Bourrage de crâne et numérotage

Personnellement, après six ans d’enseignement également partagés entre Hong Kong et Taiwan, j’avoue ne pas être très chaud vis-à-vis du système d’éducation local. Le martelage du manuel et la politique de la tête bien pleine me semblent donner des résultats douteux. À l’Université Fujen (Taipei), il se passe plusieurs mois avant que mes étudiants de première année en langues étrangères expriment une opinion personnelle et posent des questions en classe.

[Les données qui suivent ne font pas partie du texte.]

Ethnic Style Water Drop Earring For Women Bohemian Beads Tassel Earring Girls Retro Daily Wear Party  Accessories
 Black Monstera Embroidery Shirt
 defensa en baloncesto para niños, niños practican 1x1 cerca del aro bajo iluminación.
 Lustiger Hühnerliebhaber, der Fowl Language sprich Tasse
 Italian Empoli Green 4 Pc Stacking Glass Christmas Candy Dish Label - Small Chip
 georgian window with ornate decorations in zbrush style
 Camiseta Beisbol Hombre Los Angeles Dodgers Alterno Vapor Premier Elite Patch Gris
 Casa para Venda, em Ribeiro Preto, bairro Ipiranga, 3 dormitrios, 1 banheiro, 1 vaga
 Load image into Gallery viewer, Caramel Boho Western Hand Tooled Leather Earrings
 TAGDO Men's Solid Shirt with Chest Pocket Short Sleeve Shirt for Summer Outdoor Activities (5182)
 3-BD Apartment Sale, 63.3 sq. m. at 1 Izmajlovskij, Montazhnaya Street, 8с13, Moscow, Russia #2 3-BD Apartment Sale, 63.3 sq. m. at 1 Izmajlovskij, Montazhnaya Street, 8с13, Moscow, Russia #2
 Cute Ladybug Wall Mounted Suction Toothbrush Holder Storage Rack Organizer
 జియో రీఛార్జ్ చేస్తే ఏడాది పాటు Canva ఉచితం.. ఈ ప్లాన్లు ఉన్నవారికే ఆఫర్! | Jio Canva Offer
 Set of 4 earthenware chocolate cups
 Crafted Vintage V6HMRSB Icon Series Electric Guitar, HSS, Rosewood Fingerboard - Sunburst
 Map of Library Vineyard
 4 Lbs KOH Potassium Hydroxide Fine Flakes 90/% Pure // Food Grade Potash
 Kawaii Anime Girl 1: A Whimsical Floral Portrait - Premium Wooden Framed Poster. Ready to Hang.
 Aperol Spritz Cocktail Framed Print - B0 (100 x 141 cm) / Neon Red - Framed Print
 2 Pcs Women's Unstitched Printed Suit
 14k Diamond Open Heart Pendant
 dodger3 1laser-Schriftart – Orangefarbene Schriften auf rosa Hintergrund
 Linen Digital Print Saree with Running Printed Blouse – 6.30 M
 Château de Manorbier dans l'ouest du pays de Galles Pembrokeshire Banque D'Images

Le grand avantage de l’examen d’État centralisé réside dans l’équité du système. À Taiwan, on se plaint de la pression que subissent les adolescents, mais personne n’ose dire que l’enseignement supérieur est réservé aux riches.

Malheureusement, une fois l’examen d’entrée à l’université réussi, c’est l’ordinateur qui décide quel étudiant ira dans quelle institution et dans quel département. Chaque université est numérotée, graduée, et on ne peut pas toujours tenir compte des choix exprimés par le candidat. Pour des raisons d’économie, le même système existe en Chine populaire. Imaginez si le rapport Parent avait préconisé un tel système pour le Québec…

Bref, l’école chinoise au primaire, formidable, pas de problème, surtout si ça donne l’avantage énorme de s’immerger dans une autre civilisation. Au secondaire? Il faut y penser deux fois: le soleil se lève en Orient et se couche en Occident.